Jest taka restauracja, moja ulubiona, zwie się Magiel Kulinarny i mieści się w Sosnowcu (to nie jest wpis sponsorowany). W Maglu właściwie wszystko jest smaczne, świeże i zdrowe. Pracują tam sami mili ludzie i po prostu chciałoby się tam jadać codziennie. Dzięki urokowi (lub nachalności 😉 ) mojej koleżanki, stałyśmy się ostatnio posiadaczkami słoiczków z boskim pesto autorstwa tamtejszego Szefa Kuchni. Nie znam dokładnego składu pesto, ale wiem, że jego podstawą jest uprawiany przez Szefa czosnek niedźwiedzi. Co tu dużo mówić – pesto jest doskonałe!!!
Mając taki produkt można stworzyć w zwykłej kuchni prawdziwe cuda.

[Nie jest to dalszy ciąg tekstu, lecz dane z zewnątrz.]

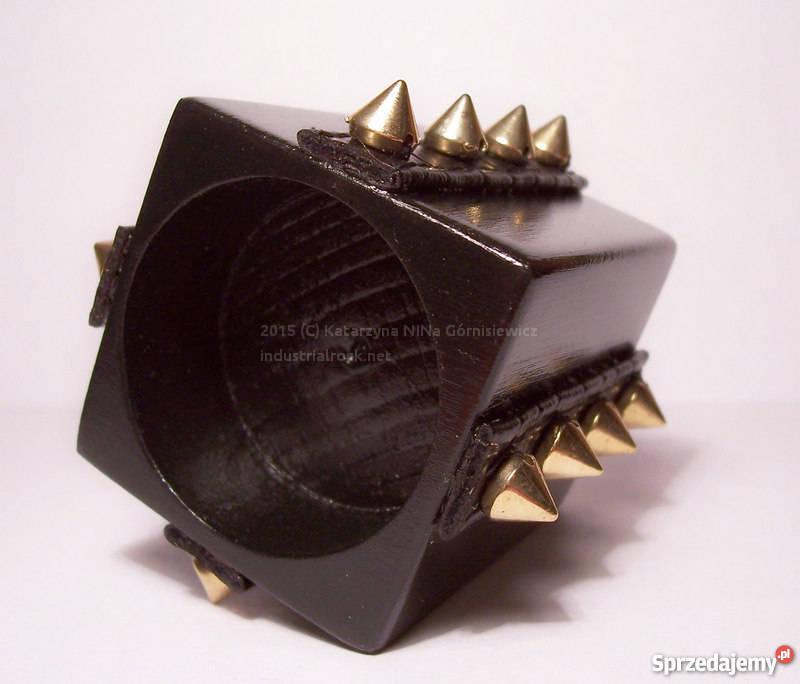 Niespotykane świeczniki na tealight złote ćwieki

Nie wiem, czy mój łosoś nadawałby się do restauracyjnego menu, ale nam smakował wybitnie.
Łosoś w pesto z czosnku niedźwiedziego z fasolką szparagową i bulgurem:
- 2 filety z łososia po ok. 250 g każdy,
- sól,
- pieprz,
- 4 łyżki pesto z czosnku niedźwiedziego (można użyć innego) + odrobina do podania,
- 400 g fasolki szparagowej,
- kilkanaście pomidorków koktajlowych,
- 1/2 pęczka szczypiorku,
- 1 szklanka bulguru,
- 1 mała czerwona papryka,
- 1/2 pęczka natki pietruszki,
- olej rzepakowy do smażenia,
- olej rzepakowy aromatyzowany chili do doprawiania.

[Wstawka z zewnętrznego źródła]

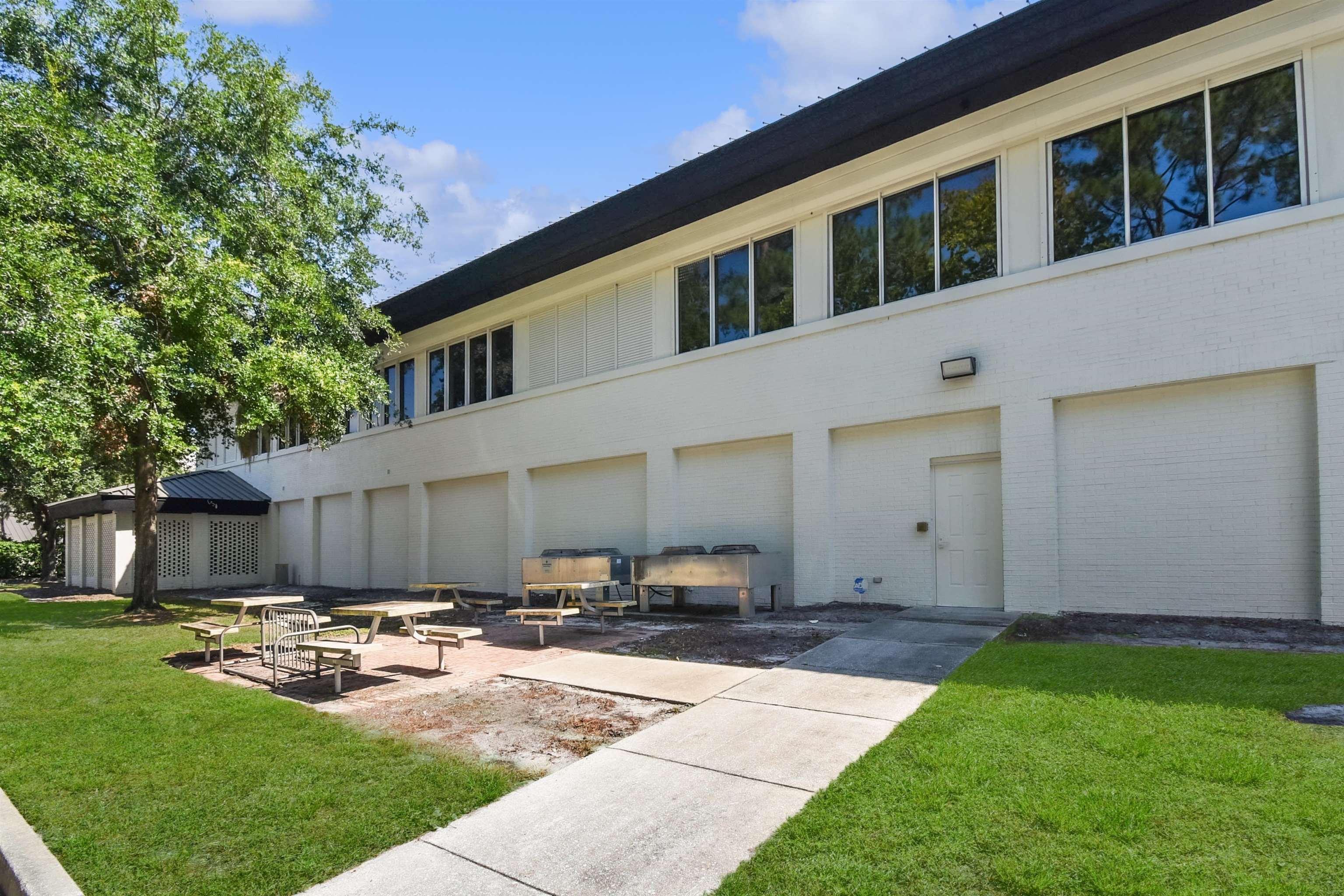 Image 82 of 83 For 9512 Sunbeam Center Dr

Umytą i osuszoną rybę posypać solą, pieprzem, a następnie posmarować pesto – odstawić na 15 minut.
Bulgur ugotować wg instrukcji na opakowaniu z dodatkiem soli. Odcedzony bulgur wymieszać z posiekaną natką i drobno pokrojoną czerwoną papryką (bez skórki i pestek). Doprawić solą i olejem chili.
Fasolkę pokroić na mniejsze kawałki i ugotować w osolonej wodzie. Gdy będzie miękka odcedzić ją i wrzucić na patelnię wraz z odrobiną oleju, posiekanym szczypiorkiem i połówkami pomidorków – dusić 3-4 minutki.
Łososia w pesto usmażyć na oleju.
Rybę podawać na gorąco posmarowaną odrobiną świeżego pesto. Obok należy podać paprykowy bulgur i fasolkę z pomidorkami.